Which ex-Vanderbilt star was better... Matt Freije or Dan Langhi? It's been the topic of several good message board threads down through the years. Though similar in style and physique, the two Commodore stars never played on the same team (Langhi graduated the year before Freije arrived), and before Saturday had never faced each other.

On Saturday, the two former Commodores finally met up in Orlando in a Pepsi Pro Summer League game, with both players trying to impress their respective team's top brass. Freije, an as-yet unsigned draftee of the Miami Heat, faced a team of Cleveland Cavaliers that included Langhi, who is now a four-year NBA veteran. It was the last in a series of games that essentially served as auditions for players trying to secure roster spots.

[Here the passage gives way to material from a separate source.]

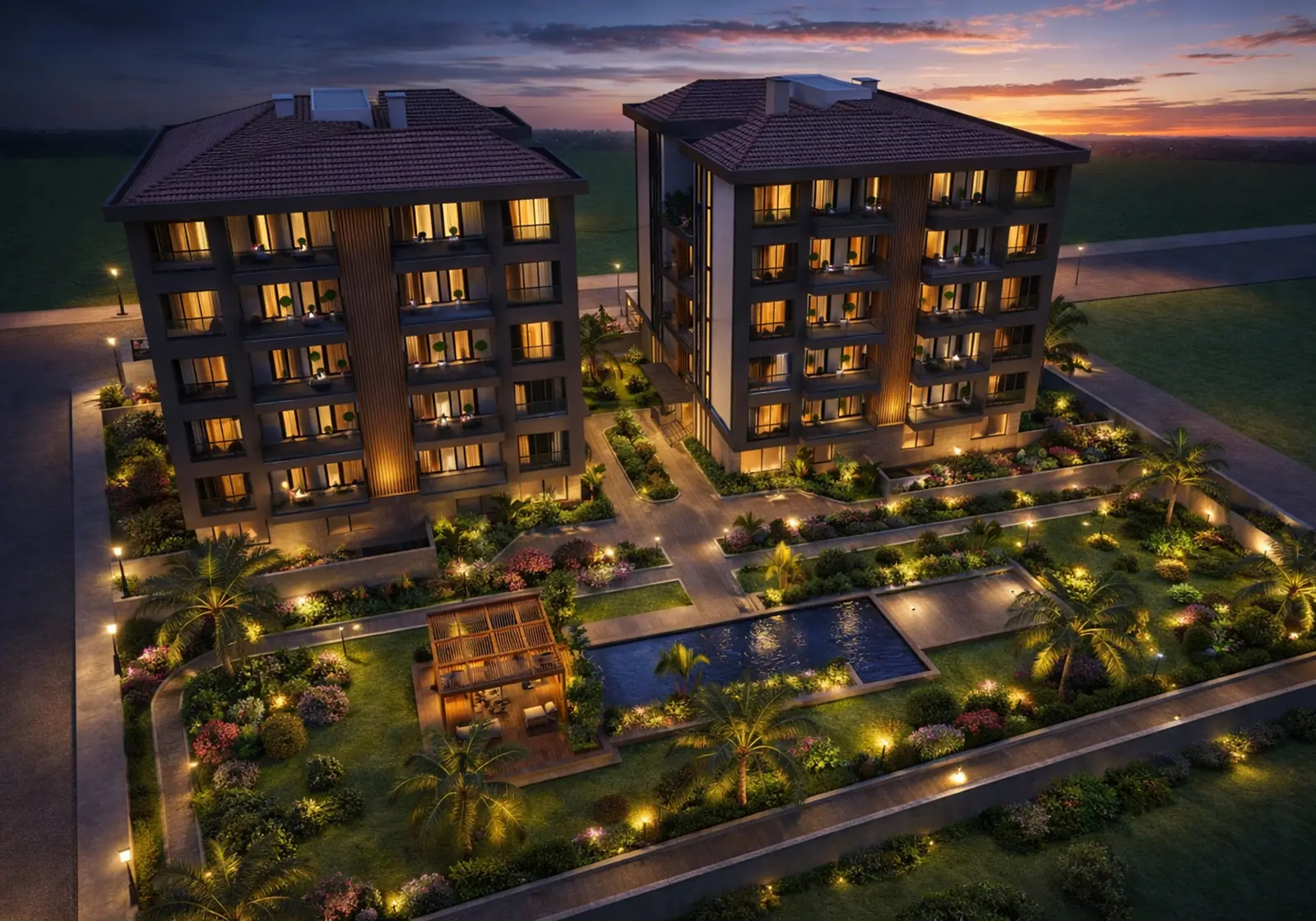 Havadan akşam görünümü: iki blok, havuz, pergola ve aydınlatılmış peyzaj alanları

And both did quite nicely, thank you. Freije, who had not scored more than ten points in any of the four previous games, put up a team-high 25 points (on 8-of-12 from the field) and was named Star of the Game. Not to be outdone, Langhi also poured in 25 points on 9-of-14 shooting to lead the Cavaliers in a 94-89 loss. It was easily the best performance of the week for both players.

Too bad the games were closed to the public... a lot of us Vandy fans would have paid good money to see that last one.


In Sacramento on Saturday, Vandy's Josie Hahn's dream of making the Olympic team ended, as the Clinton, Tenn. native finished 20th overall in the heptathlon. Former Vandy hurdler Ryan Tolbert-Jackson missed out as well, finishing 11th overall in the 400-meter hurdles.